Thursday, February 15, 2007

It's understandable on one level that cheese is an anxiety placator. There's nothing gruyere can't fix except a cholesterol problem, and even then - are you focused enough? But, when all you can eat and indeed all you HAVE eaten every single day of your life IS cheese something has gone horribly wrong. Take young Dave Nunley.

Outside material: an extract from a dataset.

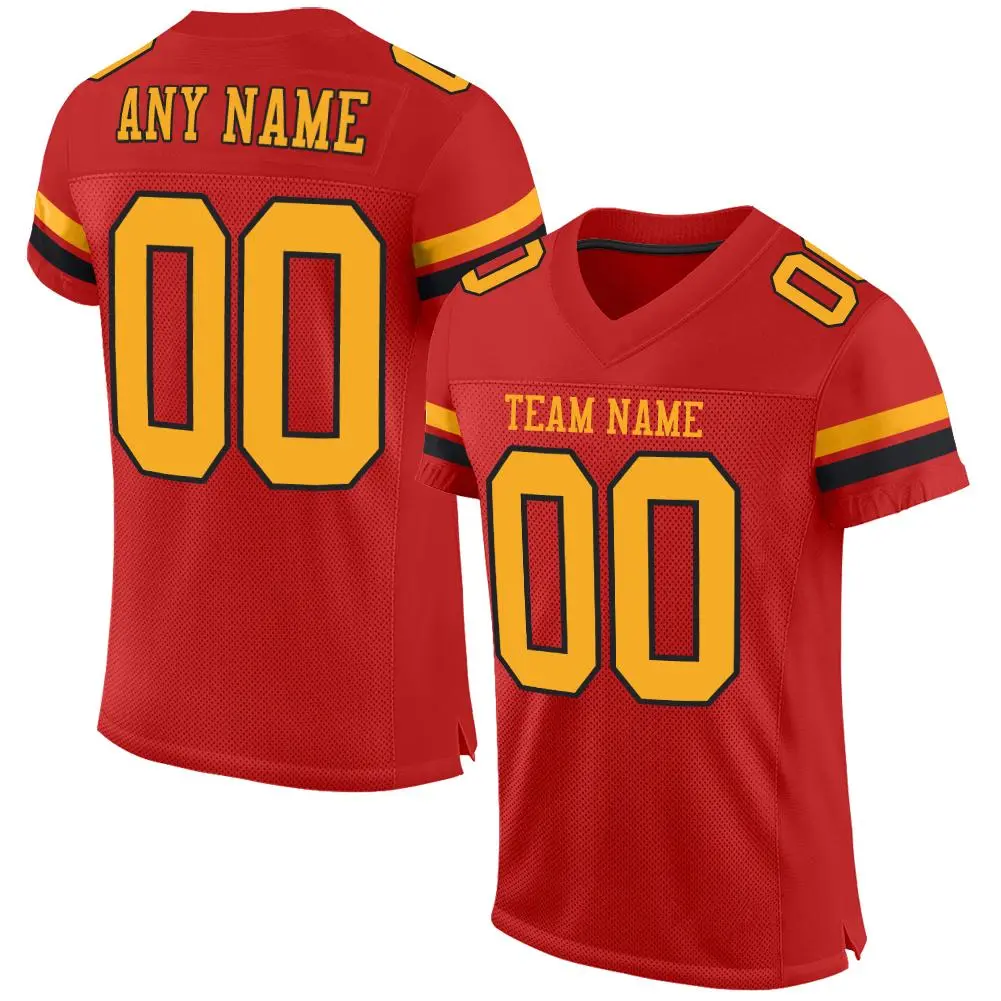 Scarlet Gold-Black Classic Mesh Authentic Football Jersey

That's what he's done and he's completely nuts.

Telltale signs like

"My throat goes all tight and I start sweating... I am desperate to change."

Indicating a severe memory based anxiety linking rather oddly to food.

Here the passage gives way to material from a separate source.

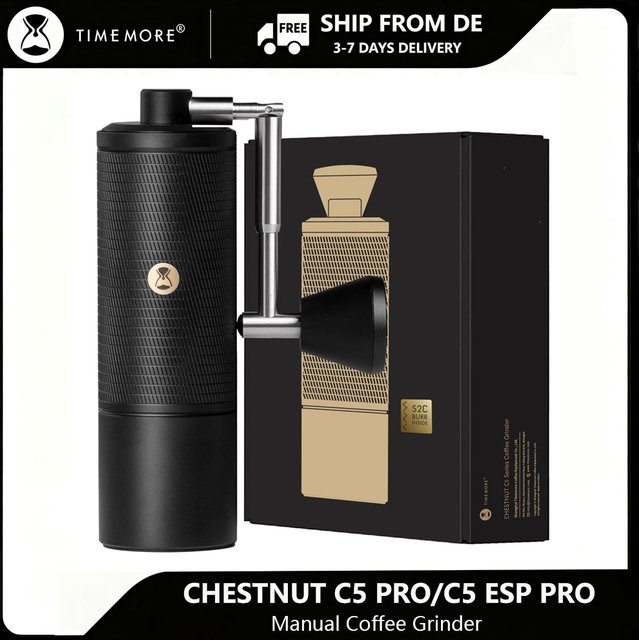 Timemore C5 PRO/C5 ESP PRO Manuelle Kaffeemühle in Weiß mit konischem Mahlwerk und 48 Einstellmöglichkeiten für präzises Mahlen - Bild 1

What on earth could possibly have caused such an horrendous reaction to anything edible besides cheese?

Was his mother, in fact, a Nazi, child skinning, Satanist who would make him stand in the kitchen, wrapped inside the stapled together and recently gutted carcasses of her latest Jew baby casualties, forcing him to read out instructions to her from a cookbook by candlelight which dripped wax on his little hands and seared the freshly slain baby flesh in spots with its black soot, as she prepared all manner of dishes for her dark meetings involving every kind of food except cheese. Him standing there with the deadened eyes of a child murdered in front of its shrieking parents staring up blankly into his. The only thing that stopped him from shrieking in blood curdling horror was the knowledge that his mother was lactose intolerant and that he had been putting cheese into her pies secretly causing her to get sicker and sicker until she died - thus in his mind Cheese was the liberator and so, his only friend.

Yes, that's the only way it could have been. That's why the thought of any food but cheese causes him physical anxiety. Case closed.